Lakeflow Designer includes built-in operators for common data preparation and transformation tasks. Open the operator menu in the side panel on the left to browse operators by category, or use Search for an operator... at the top of the panel. To open an operator's configuration pane after you add it to the canvas, double-click it or hold the pointer over it and click Pencil icon. (Edit operator).

Source and output

Source

Imports data into Designer. The Source operator reads from a Unity Catalog table or other supported sources. It has two stages:

  1. Selecting a table or file: Search for a table or file by name, or browse by catalog and schema. You can also create a new table from this pane.
  2. Table summary: After selecting a table, the configuration pane shows the table's name, owner, and last updated time. Click Select a new data source to change the source. Changing the source invalidates the output cache for all downstream operators.

For the full range of data ingestion options, see Ingest data into Lakeflow Designer.

Output

Exports data out of Designer by writing results to a table in Unity Catalog.

In the Output configuration pane, specify:

  • Table name: The name of the table to create.
  • Output location: The catalog and schema where the table is created.

Click Run to run the Visual data prep and write results.

AI Function

Runs a built-in AI operation on your data. In the configuration pane, open Select a function and choose one of the functions below. Each function exposes options in the pane for inputs (for example, columns, prompts, labels, or languages) and outputs.

Function

Description

ai_analyze_sentiment

Performs sentiment analysis on input text.

ai_classify

Classifies text or parsed documents using labels you provide.

ai_extract

Extracts structured data from text or parsed documents using fields you define.

ai_fix_grammar

Corrects grammatical errors in text.

ai_gen

Answers a user-provided prompt against the input.

ai_mask

Masks specified entities in text (for example, for de-identification).

ai_similarity

Compares two strings and returns a semantic similarity score.

ai_summarize

Generates a summary of text.

ai_translate

Translates text into a target language you specify.

Transformations

The following operators perform transformations on your data.

Aggregate

Summarizes rows by grouping data and computing aggregate values.

  • Aggregate by: Select a column, choose an aggregation function, and provide a name for the output column.
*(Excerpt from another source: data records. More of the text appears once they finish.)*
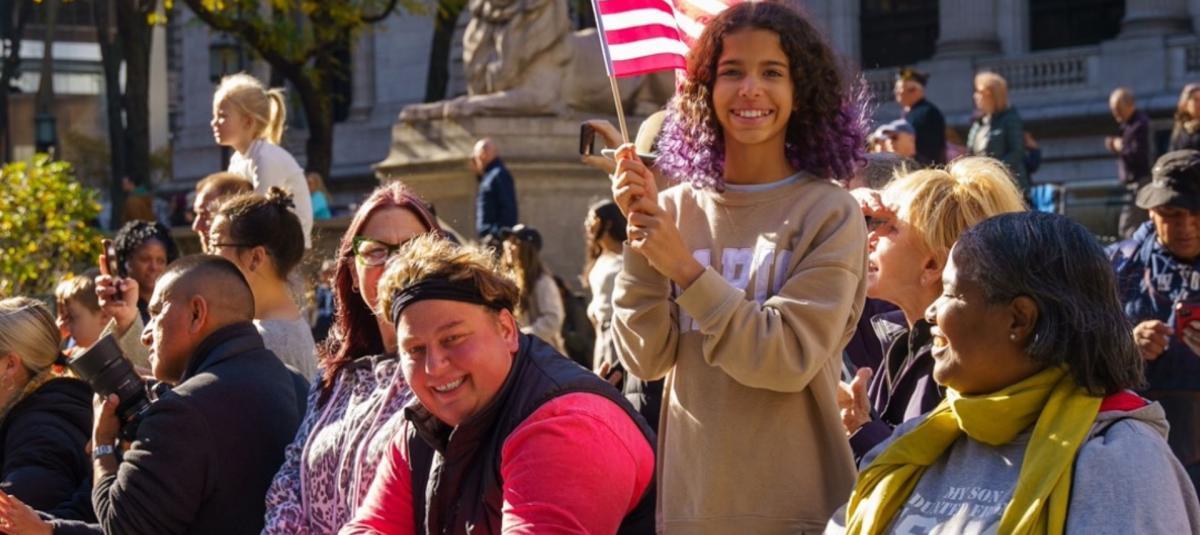 Residentes de Nueva York sonríen a la cámara durante un desfile callejero.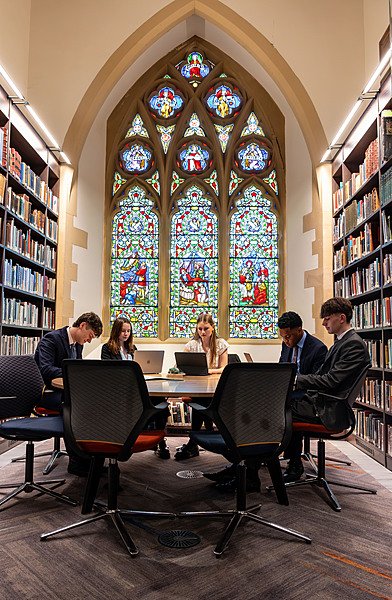 Students studying in a library with bookshelves and a large stained glass window behind them.
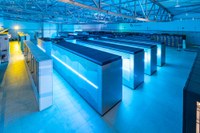 A large, well-lit room with multiple illuminated server racks and overhead lighting. (Mistral: Pixtral Large 2411, 2026-03-23)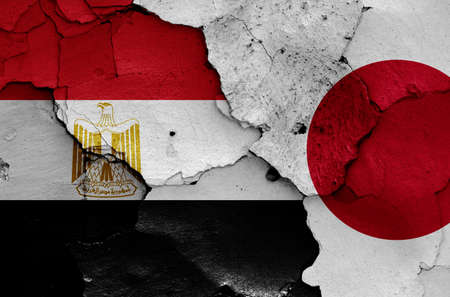 flags of Egypt and Japan painted on cracked wallの写真素材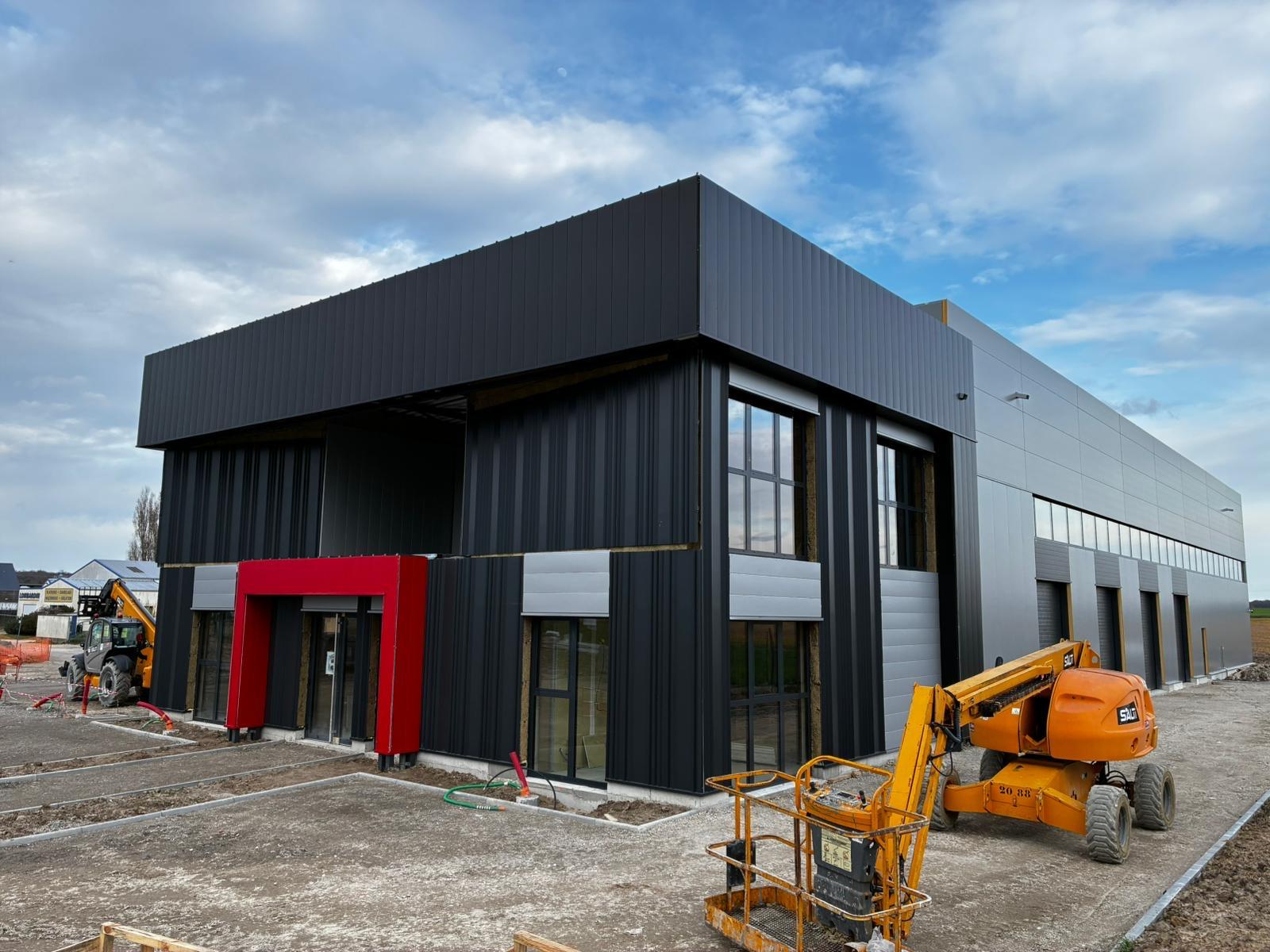 Batiment industriel avec bardage noir et entree rouge - OPTIBARDAGE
Click + Add aggregation to add more.
  • Group by: Select the columns to group by. Click + Add grouping to add more.

Supported aggregation functions: AVG, COUNT, MAX, MEAN, MEDIAN, MIN, PERCENTILE, STDDEV, SUM, VARIANCE.

note

Columns used in Group by are automatically included in the output.

Combine

Merges data from two tables with matching schemas into a single output.

  • Set operation: Choose Union, Intersect, or Except.
  • Merge strategy: Choose Distinct to exclude duplicate rows from the output, or All to keep all rows including duplicates.

Filter

Selects matching rows by keeping only rows that meet one or more conditions, using a graphical condition builder. For each condition, select a column, a condition type, and a value to conditionally match.

Supported condition types:

  • Is equal to / Is not equal to
  • Is one of / Is not one of
  • Contains / Does not contain
  • Starts with / Does not start with
  • Ends with / Does not end with
  • Greater than / Less than
  • Is null / Is not null

Join

Links two tables on a key by combining two input datasets based on matching column values.

To configure a Join:

  1. Select the two input tables to join.
  2. Specify at least one join condition by selecting matching columns from the two tables. Click + Add join expression to add more conditions.
  3. Select the join type: Full join, Inner join, Left join, or Right join.
  4. Optional: Choose which columns to include in the output. By default, all columns from both tables are included. Duplicate column names receive a table name prefix.
  5. Optional: Add custom expression columns based on the joined result.

Limit

Restricts row count by passing through only up to the maximum number of rows you specify.

Pivot

Reshapes tabular data in two directions. Use the tabs at the top of the configuration pane to choose the mode:

  • Rows → Columns (pivot): Turn distinct values in one column into new column headers, and fill those columns with aggregated values from another column.
  • Columns → Rows (unpivot): Fold one or more columns into rows; set names for the output key and value columns.

In Rows → Columns mode:

  • Pivot column: Choose the column whose distinct values become the new headers.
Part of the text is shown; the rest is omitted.